Release history¶
0.7.0¶
Release date: 2021-07-25
Dependency changes¶
Warning
If you used OTF/TTF fonts with pyHanko prior to the 0.7.0
release, you’ll need HarfBuzz
going forward. Install pyHanko with the [opentype]
optional dependency group to grab
everything you need.
Update
pyhanko-certvalidator
to0.15.3
TrueType/OpenType support moved to new optional dependency group labelled
[opentype]
.Dependency on
fontTools
moved from core dependencies to[opentype]
group.We now use HarfBuzz (
uharfbuzz==0.16.1
) for text shaping with OTF/TTF fonts.
API-breaking changes¶
Warning
If you use any of pyHanko’s lower-level APIs, review this section carefully before updating.
Signing code refactor¶
This release includes a refactor of the pyhanko.sign.signers
module into a
package with several submodules. The original API exposed by this
module is reexported in full at the package level, so existing code using pyHanko’s publicly
documented signing APIs should continue to work without modification.
There is one notable exception: as part of this refactor, the low-level
PdfCMSEmbedder
protocol was tweaked slightly, to support
the new interrupted signing workflow (see below). The required changes to existing code should be
minimal; have a look at the relevant section in the library
documentation for a concrete description of the changes, and an updated usage example.
In addition, if you extended the PdfSigner
class, then you’ll have to adapt to the new internal signing workflow as well. This may be
tricky due to the fact that the separation of concerns between different steps in the signing
process is now enforced more strictly.
I’m not aware of use cases requiring PdfSigner
to be extended, but if you’re having trouble migrating your custom subclass to the new API
structure, feel free to open an issue.
Merely having subclassed Signer
shouldn’t require
you to change anything.
Fonts¶
The low-level font loading API has been refactored to make font resource handling less painful, to provide smoother HarfBuzz integration and to expose more OpenType tweaks in the API.
To this end, the old pyhanko.pdf_utils.font
module was turned into a package containing three
modules: api
, basic
and
opentype
. The api
module contains the definitions for the general FontEngine
and FontEngineFactory
classes,
together with some other general plumbing logic.
The basic
module provides a minimalist implementation with a
(non-embedded) monospaced font.
If you need TrueType/OpenType support, you’ll need the opentype
module together with the optional dependencies in the [opentype]

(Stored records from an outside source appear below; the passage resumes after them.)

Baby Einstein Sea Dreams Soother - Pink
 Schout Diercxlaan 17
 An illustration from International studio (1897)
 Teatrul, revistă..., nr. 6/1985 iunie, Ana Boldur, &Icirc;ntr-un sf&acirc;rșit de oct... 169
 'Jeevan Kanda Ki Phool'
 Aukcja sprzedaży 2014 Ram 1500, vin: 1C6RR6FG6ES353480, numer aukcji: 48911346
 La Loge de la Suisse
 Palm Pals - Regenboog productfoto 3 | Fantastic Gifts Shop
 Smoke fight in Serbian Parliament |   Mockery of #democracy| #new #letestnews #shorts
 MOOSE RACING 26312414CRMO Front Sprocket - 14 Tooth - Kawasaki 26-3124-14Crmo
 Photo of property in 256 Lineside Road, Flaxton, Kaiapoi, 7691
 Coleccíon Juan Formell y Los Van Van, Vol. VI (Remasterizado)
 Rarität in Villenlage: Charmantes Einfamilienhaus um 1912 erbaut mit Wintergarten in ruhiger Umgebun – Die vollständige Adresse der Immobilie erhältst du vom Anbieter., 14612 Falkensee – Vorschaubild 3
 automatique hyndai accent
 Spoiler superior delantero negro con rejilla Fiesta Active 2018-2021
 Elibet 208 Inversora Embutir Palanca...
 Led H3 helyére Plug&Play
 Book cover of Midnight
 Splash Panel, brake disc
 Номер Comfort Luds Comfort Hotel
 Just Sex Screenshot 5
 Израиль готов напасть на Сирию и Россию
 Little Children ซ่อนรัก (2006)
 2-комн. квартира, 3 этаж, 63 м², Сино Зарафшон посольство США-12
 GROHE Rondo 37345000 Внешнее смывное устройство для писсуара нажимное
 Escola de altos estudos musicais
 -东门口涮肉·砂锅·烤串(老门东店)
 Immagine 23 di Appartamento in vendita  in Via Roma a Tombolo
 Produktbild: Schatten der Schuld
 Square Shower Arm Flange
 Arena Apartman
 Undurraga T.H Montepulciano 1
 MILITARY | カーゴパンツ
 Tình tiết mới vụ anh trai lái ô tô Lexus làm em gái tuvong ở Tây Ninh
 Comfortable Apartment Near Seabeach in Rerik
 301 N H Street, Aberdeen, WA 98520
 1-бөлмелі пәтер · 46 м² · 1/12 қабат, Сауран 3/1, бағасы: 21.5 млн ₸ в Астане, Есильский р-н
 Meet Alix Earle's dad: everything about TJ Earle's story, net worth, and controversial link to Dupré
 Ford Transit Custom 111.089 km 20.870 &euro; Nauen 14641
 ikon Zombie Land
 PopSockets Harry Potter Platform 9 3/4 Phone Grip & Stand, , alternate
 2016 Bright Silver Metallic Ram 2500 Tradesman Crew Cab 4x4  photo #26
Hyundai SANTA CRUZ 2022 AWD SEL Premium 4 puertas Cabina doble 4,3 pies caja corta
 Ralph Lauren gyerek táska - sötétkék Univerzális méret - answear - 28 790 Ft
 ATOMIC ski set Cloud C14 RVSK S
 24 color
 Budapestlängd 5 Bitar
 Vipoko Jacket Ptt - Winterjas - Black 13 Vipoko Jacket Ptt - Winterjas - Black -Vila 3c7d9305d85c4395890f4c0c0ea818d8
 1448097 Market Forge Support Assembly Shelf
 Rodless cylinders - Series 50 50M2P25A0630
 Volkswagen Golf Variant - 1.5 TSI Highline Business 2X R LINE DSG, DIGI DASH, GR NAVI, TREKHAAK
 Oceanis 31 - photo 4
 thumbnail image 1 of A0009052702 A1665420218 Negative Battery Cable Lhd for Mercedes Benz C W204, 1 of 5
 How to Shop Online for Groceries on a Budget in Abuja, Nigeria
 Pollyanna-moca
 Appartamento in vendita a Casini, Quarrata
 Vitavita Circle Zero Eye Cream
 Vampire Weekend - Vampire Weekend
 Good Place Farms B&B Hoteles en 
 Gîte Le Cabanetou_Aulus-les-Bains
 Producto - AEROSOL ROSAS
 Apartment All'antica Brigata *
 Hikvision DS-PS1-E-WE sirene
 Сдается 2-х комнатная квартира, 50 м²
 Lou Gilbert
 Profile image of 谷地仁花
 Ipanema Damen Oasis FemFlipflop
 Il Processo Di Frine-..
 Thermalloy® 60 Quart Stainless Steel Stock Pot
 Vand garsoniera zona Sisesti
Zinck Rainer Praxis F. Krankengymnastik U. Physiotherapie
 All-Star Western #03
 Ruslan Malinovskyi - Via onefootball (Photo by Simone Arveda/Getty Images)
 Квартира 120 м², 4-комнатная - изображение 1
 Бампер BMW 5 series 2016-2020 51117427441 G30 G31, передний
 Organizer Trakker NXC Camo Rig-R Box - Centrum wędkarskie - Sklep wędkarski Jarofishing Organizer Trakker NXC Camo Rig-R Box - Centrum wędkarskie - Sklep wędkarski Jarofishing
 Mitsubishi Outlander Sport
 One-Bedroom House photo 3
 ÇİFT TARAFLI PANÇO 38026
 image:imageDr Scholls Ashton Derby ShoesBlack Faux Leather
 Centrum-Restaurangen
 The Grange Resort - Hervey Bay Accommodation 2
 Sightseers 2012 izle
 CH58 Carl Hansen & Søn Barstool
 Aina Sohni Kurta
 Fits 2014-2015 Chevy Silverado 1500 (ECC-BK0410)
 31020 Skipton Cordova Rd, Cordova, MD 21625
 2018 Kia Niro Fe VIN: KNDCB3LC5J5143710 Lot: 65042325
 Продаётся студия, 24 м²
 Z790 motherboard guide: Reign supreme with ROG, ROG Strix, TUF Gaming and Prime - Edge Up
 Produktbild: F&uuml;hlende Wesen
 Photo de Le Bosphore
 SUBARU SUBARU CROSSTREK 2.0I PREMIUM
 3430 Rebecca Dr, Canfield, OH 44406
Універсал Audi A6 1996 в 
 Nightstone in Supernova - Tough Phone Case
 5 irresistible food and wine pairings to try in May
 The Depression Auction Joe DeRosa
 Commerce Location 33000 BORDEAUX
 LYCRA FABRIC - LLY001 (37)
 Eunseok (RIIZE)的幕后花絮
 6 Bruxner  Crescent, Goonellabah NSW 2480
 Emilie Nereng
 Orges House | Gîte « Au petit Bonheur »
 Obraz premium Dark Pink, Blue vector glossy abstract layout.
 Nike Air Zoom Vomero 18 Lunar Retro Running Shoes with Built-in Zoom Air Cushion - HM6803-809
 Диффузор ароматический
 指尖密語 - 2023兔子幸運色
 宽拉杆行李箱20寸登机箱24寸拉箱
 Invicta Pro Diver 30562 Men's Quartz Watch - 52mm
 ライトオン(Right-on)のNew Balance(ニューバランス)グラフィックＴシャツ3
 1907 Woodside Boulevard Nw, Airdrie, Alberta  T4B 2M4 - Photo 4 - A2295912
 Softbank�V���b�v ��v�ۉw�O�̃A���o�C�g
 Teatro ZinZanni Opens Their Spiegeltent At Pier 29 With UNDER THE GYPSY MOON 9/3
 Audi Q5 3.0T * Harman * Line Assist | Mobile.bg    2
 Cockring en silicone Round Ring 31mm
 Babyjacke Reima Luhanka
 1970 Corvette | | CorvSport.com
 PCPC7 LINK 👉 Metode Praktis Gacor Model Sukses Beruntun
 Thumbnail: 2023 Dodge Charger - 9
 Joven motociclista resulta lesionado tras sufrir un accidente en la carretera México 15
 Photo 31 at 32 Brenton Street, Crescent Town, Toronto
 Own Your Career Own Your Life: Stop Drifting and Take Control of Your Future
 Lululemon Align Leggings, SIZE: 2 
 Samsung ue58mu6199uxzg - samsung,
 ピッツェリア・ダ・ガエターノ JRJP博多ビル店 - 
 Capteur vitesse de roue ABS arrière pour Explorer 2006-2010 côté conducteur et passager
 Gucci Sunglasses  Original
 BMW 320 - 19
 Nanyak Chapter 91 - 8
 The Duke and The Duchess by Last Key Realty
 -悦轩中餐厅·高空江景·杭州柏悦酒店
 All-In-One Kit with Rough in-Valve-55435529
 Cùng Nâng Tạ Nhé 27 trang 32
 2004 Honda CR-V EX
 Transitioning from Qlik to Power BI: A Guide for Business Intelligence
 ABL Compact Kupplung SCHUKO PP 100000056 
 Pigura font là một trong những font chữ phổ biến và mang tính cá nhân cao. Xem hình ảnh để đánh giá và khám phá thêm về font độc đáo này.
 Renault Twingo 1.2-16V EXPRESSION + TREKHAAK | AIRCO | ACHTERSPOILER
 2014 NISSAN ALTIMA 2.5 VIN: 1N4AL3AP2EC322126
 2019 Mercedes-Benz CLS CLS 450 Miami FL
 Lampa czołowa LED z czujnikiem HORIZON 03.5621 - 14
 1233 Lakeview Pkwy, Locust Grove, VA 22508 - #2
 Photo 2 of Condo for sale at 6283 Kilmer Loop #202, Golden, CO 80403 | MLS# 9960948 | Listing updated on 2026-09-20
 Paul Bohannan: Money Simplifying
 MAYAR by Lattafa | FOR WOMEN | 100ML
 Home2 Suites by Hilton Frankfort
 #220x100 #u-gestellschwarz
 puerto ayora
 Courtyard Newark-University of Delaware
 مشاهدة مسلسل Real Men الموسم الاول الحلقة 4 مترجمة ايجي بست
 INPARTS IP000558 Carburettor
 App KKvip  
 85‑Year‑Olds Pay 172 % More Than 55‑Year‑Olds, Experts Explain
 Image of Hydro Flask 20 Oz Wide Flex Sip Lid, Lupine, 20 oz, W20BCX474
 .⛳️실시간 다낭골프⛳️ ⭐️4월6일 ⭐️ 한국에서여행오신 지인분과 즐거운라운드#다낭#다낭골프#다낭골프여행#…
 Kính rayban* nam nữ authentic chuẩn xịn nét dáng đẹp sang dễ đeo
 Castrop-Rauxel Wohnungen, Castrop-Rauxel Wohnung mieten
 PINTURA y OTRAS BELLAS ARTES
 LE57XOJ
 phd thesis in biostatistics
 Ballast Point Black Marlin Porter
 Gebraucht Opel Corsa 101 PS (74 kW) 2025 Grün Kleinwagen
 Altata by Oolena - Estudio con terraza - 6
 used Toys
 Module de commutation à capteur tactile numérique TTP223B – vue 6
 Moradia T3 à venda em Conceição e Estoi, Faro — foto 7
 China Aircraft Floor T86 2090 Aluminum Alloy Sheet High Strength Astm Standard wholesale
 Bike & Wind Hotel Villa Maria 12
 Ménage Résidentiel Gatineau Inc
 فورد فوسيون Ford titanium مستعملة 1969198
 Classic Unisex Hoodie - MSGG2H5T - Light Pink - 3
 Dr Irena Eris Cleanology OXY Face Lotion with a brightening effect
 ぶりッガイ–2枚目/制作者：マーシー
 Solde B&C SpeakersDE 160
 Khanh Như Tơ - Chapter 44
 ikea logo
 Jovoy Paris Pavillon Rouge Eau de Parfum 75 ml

dependency group (currently
fontTools
and uharfbuzz
, see above).
Take a look at the section for pyhanko.pdf_utils.font
in
the API reference documentation for further details.
For the time being, there are no plans to support embedding Type1 fonts, or to offer support for Type3 fonts at all.
Miscellaneous¶
The
content_stream
parameter was removed fromimport_page_as_xobject()
. Content streams are now merged automatically, since treating a page content stream array non-atomically is a bad idea.
PdfSigner
is no longer a subclass ofPdfTimeStamper
.
New features and enhancements¶
Signing¶
Interrupted signing workflow: segmented signing workflow that can be interrupted partway through and resumed later (possibly in a different process or on a different machine). Useful for dealing with signing processes that rely on user interaction and/or remote signing services.
Generic data signing support: construct CMS
signedData
objects for arbitrary data (not necessarily for use in PDF signature fields).Experimental API for signing individual embedded files (nonstandard).
PKCS#11 settings can now be set in the configuration file.
Validation¶
Add support for validating CMS
signedData
structures against arbitrary payloads (see also: Generic data signing)Streamline CMS timestamp validation.
Support reporting on (CAdES) content timestamps in addition to signature timestamps.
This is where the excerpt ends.